RECORDS SHOWN Start Marker
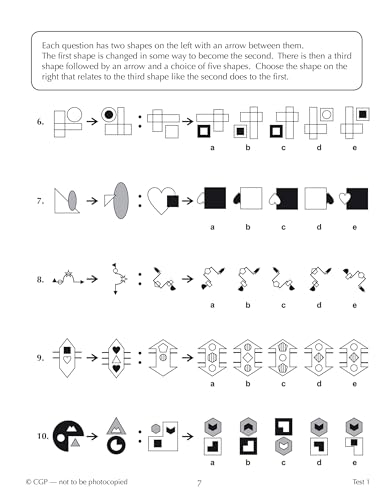CGP Books - New 11+ GL 10-Minute Tests: Non-Verbal Reasoning - Ages 10 image 3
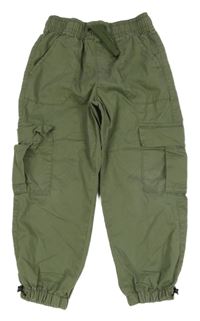 Khaki cargo cuff kalhoty F&F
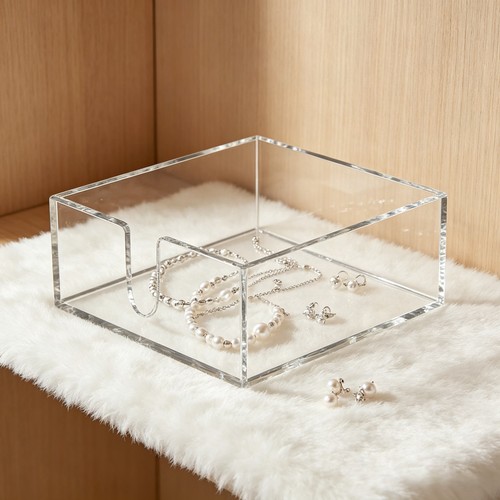 Klar acryl serviettenhalter - klar,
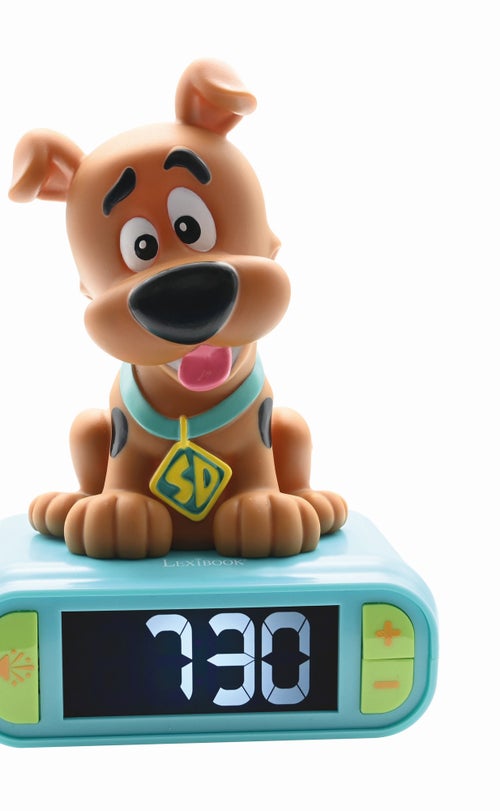 Réveil avec veilleuse Scooby Doo en 3D - Kiabi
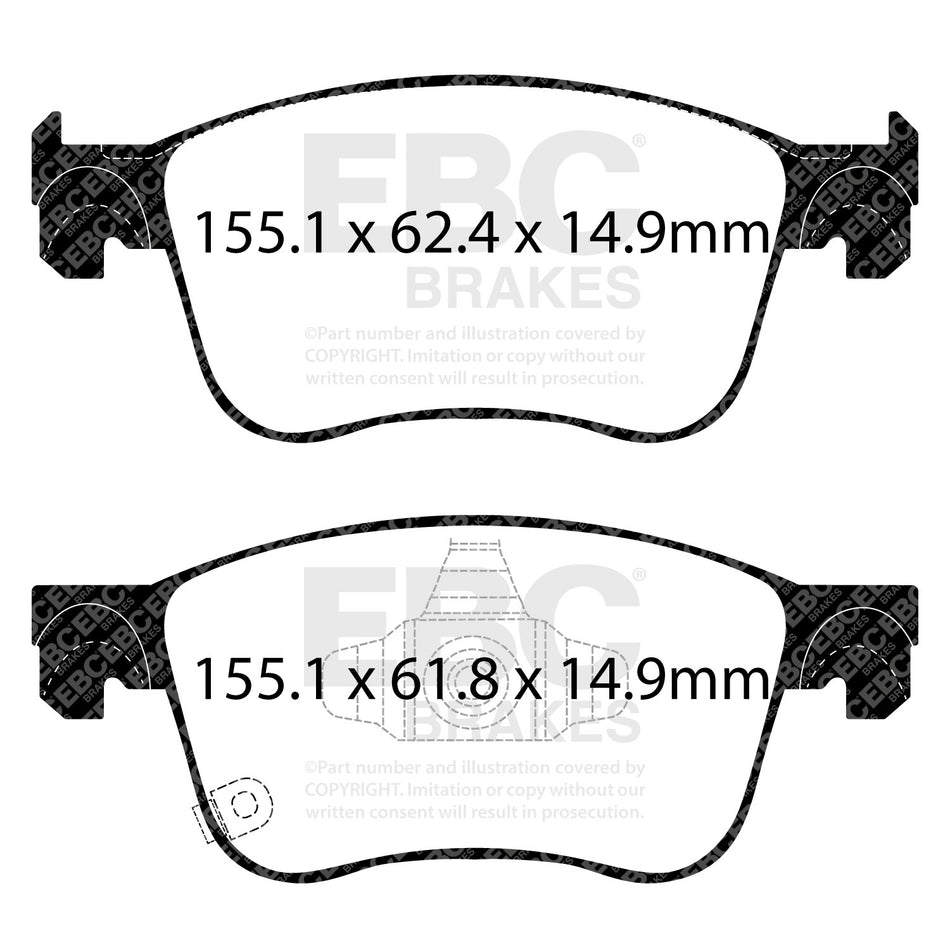 EBC Brakes Brake Pad - DPX3109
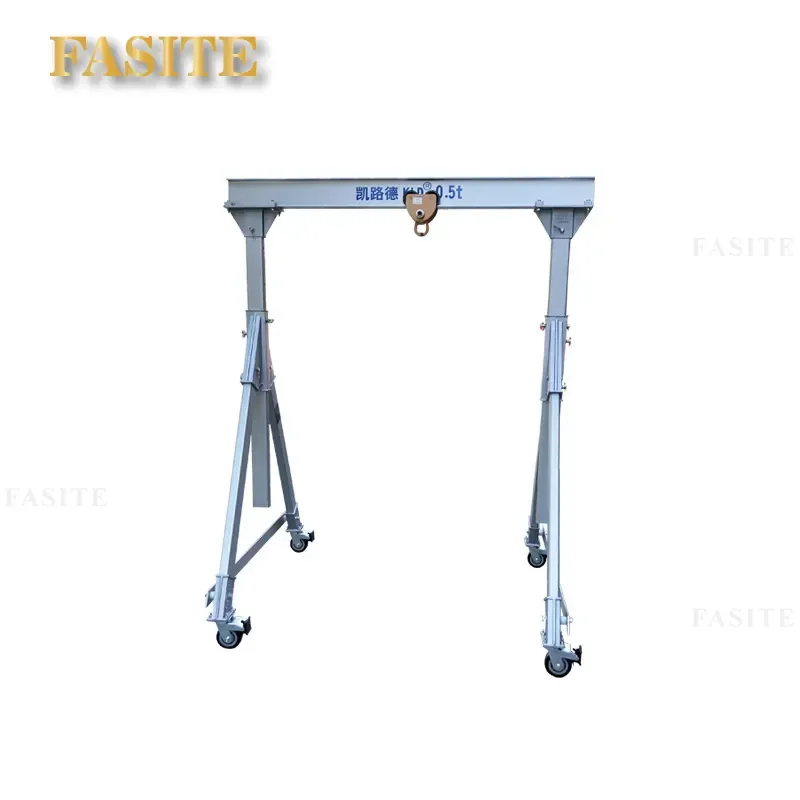 For Aluminum Alloy Gantry Crane Light Hand Push Mobile Lifting Electric Hoist Customizable Frame Portable Workshop Warehouse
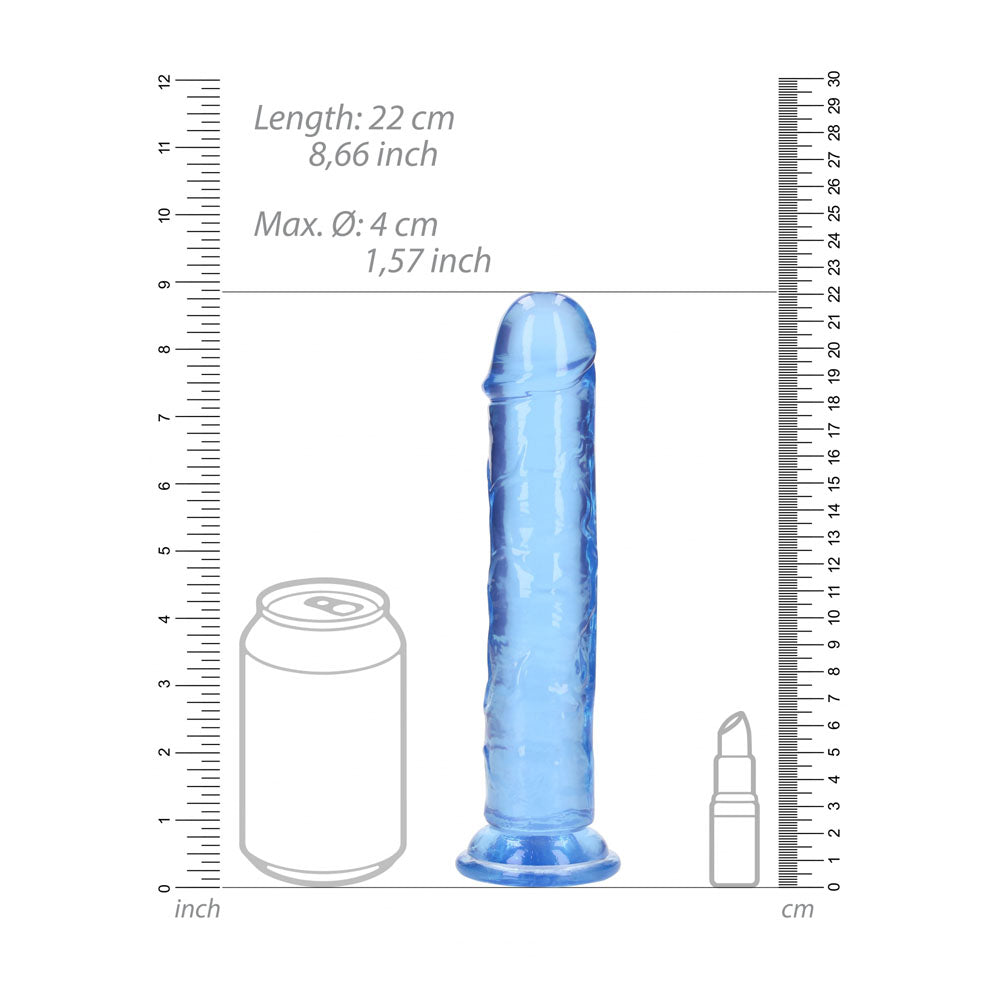 REALROCK 20 cm Straight Crystal Clear Dildo > Dildos > Realistic Dildos - Tophatter Daily Deals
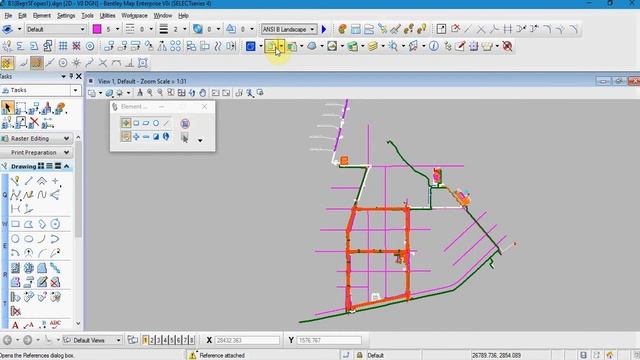 Как подключить внешний файл к DGN в MicroStation V8i смотреть онлайн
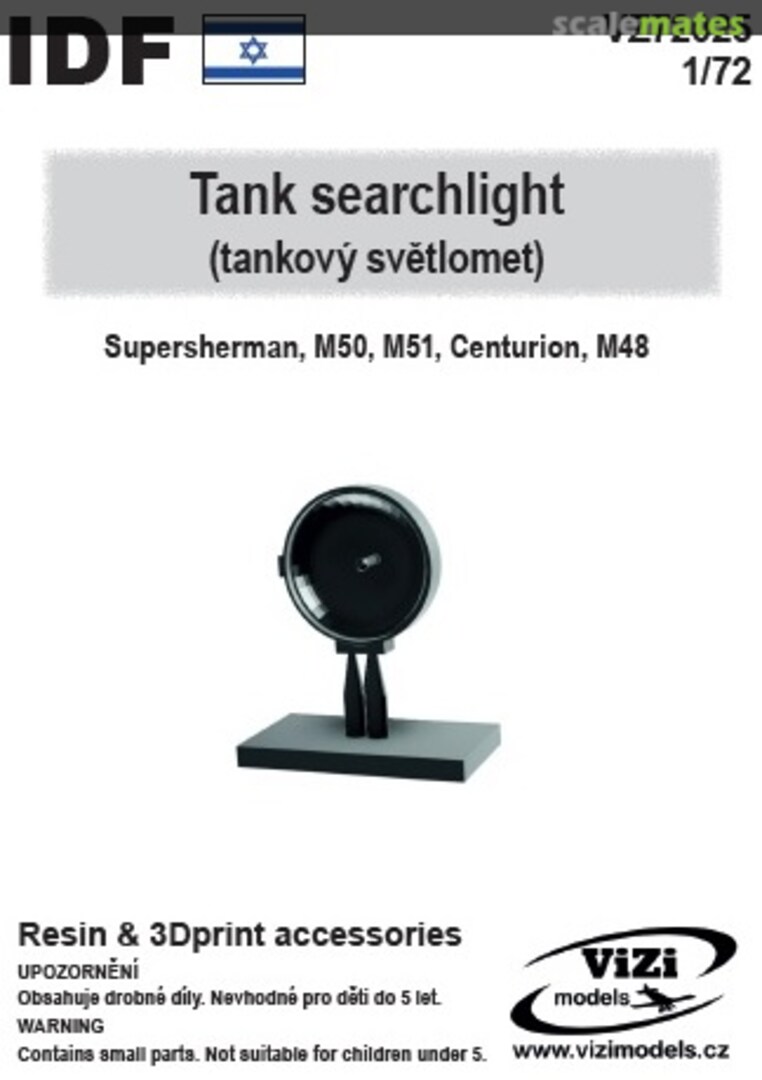 Boxart IDF – searchlight VZ72025 ViZi models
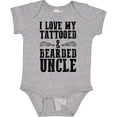 thumbnail image 3 of Inktastic I Love My Tattooed & Bearded Uncle Boys or Girls Baby Bodysuit, 3 of 5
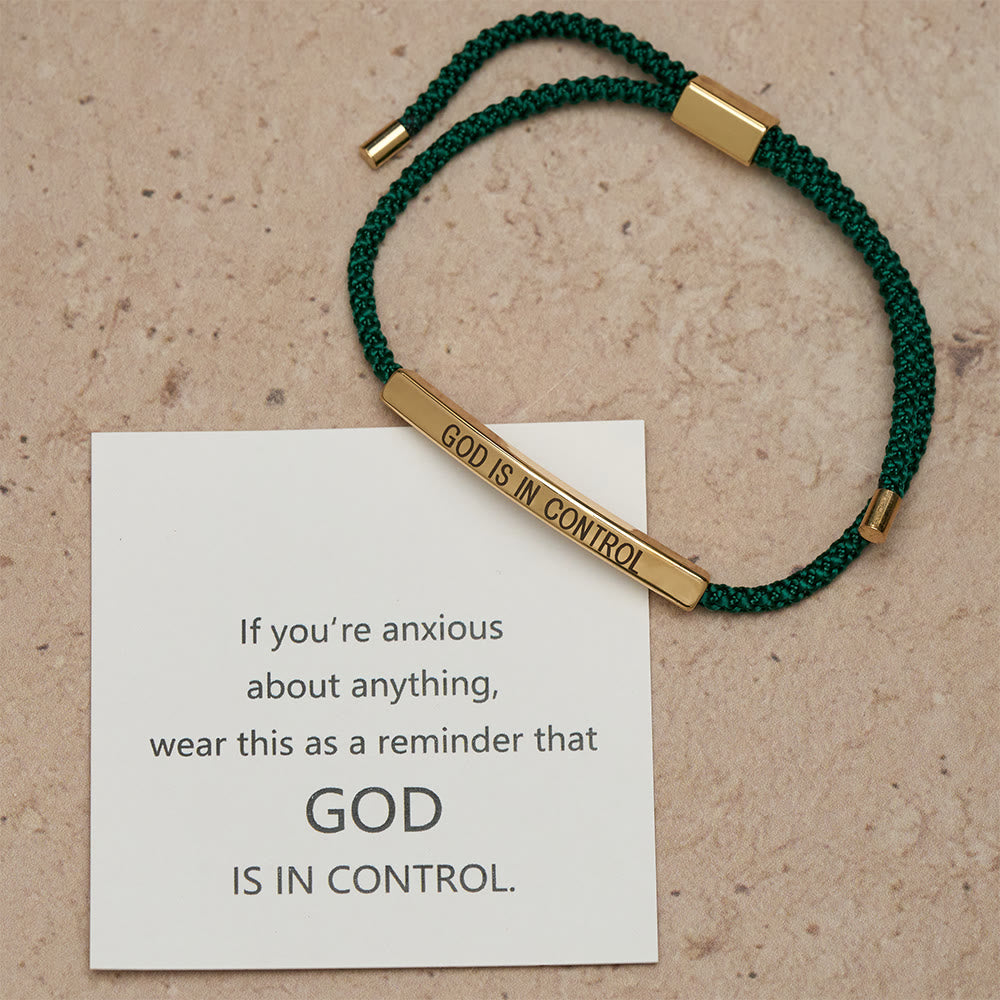 Christianartworkshop Bracelet de foi « Dieu est aux commandes » : un symbole de confiance et de bénédiction pour votre mariage - image 15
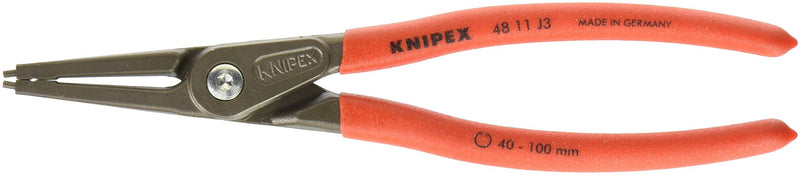 KNIPEX Tools - Precision Circlip Pliers, Internal, Straight, 1 37/64"-3 15-16" Bore Dia. (4811J3)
RECORDS SHOWN End Marker
● HOW TO COMPLETE THIS TASK
Return each entry exactly as given. Leave the images out.

● EXERCISE RESULT
CGP Books - New 11+ GL 10-Minute Tests: Non-Verbal Reasoning - Ages 10 image 3
 Khaki cargo cuff kalhoty F&F
 Klar acryl serviettenhalter - klar,
 Réveil avec veilleuse Scooby Doo en 3D - Kiabi
 EBC Brakes Brake Pad - DPX3109
 For Aluminum Alloy Gantry Crane Light Hand Push Mobile Lifting Electric Hoist Customizable Frame Portable Workshop Warehouse
 REALROCK 20 cm Straight Crystal Clear Dildo > Dildos > Realistic Dildos - Tophatter Daily Deals
 Как подключить внешний файл к DGN в MicroStation V8i смотреть онлайн
 Boxart IDF – searchlight VZ72025 ViZi models
 thumbnail image 3 of Inktastic I Love My Tattooed & Bearded Uncle Boys or Girls Baby Bodysuit, 3 of 5
 Christianartworkshop Bracelet de foi « Dieu est aux commandes » : un symbole de confiance et de bénédiction pour votre mariage - image 15
 KNIPEX Tools - Precision Circlip Pliers, Internal, Straight, 1 37/64"-3 15-16" Bore Dia. (4811J3)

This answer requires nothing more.